A bogus Netflix app has been circulating around certain online forums, causing problems for those downloading the software. Taking advantage of users who may be seeking out a functional version of the app for unsupported devices, a mock log-in screen collects account usernames and passwords and ships them off to a central server. The app appears to do little else.
The question here is why would someone go through all the trouble of collecting Netflix account info? Once granted access to an account, the would-be thief has access to very little personal details and won’t be collecting on the limited credit card info provided. As CNET notes, it is possible the app is a test run for something a bit more devious, like a fake banking app, but that is speculation at this point. The more likely story? Someone didn’t want to deal with Netflix rate hike and was hoping to collect a nice list of freely accessible accounts. Who wouldn’t want all those free movies?
[via CNET]
They can sell the login info. It will be good for free Netflix till people change their passwords. Plus, many people use the same passwords for other stuff as well, so maybe they will try to hack other accounts also…
The point of an attack like this may seem to not do much damage but it can because people reuse logins and passwords.
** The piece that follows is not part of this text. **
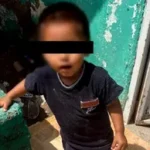 NIÑO DE DOS AÑOS ES ENCONTRADO SIN VIDA EN CISTERNA DE SU CASA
Once theyave your login info they use it on other more damaging sites that you may have used the same info on. This how most hackers gain access to corporate email aaccounts and other more damaging stuff
Exactly what I came here to say. I imagine a large percentage of users have the same password for their email account. For an Android user that signs into Netflix with the same email and pw, these people now have access to your entire Google account: Shopper, Wallet, Market… everything.
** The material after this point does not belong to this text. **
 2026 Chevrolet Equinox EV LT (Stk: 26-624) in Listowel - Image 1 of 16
Download and install safely, kids!
People should never be installing random software from untrusted sources.
And this site encourages this bad practice all the time, posting links to leaked applications on rapidshare, etc. It’s terribly irresponsible, and you should really stop.
I totally agree.
Phandroid (among others) shouldn’t give people the habit of installing cracked apps.
It may seem harmless because you trust your sources, but it leads to risky behaviors.
Thats just it, if you trust the source then its not a risky behavior. Phandroid (and the forums) in NO way support ‘cracked’ apps fwiw
It’s not a risky behavior, it LEADS to risky behaviors.
Let me explain you : if they share the app, people think downloading unofficial apps is normal since a serious tech site does provide some (or where is the limit ?) and then they download the bogus Netflix app.
Editors of a site like this one have responsabilities and should always set a good example.
There was a cracked Flash Player shared on Phandroid some time ago, but the article was deleted (http://ydfgg.com/2011/07/14/cracked-flash-player-10-1-app-works-on-previously-incompatible-devices-download/ ), and you regularly see links to leaked versions of Google Apps we’re not supposed to have.
It’s not very serious, but that’s not their role.
I disagree, of course that is your opinion and i respect that.
We (Androidforums) discourage the use of ANY file sharing service to distribute apps for the most part. The problem with netflix is that there are literally thousands who only have the app because of places like AF and xda. Would say that if you are gonna get something like this from the forums make sure a trusted user is the one posting it.
Sweet example pic! The OG MyTouch! lol!
Not to mention Netflix became available on the Market to ALL users about a week ago.
This is exactly where Android really is vulnerable. The completely ‘openness’, part of what makes Android great, opens consumers up to great vulnerabilities. Not everyone that is using/going to use Android is going to be as savvy and careful as most people that read this site.
Now, I am NOT an Apple Fanboy, but, Android needs to adopt a system of ‘oversight’ for apps available through their market. Not endorsing censorship, just a review process that approves/disapproves apps based on whether they do what they advertise, and whether it does anything malicious.
The fake Netflix app was not from the Market. It was being downloaded from forums etc.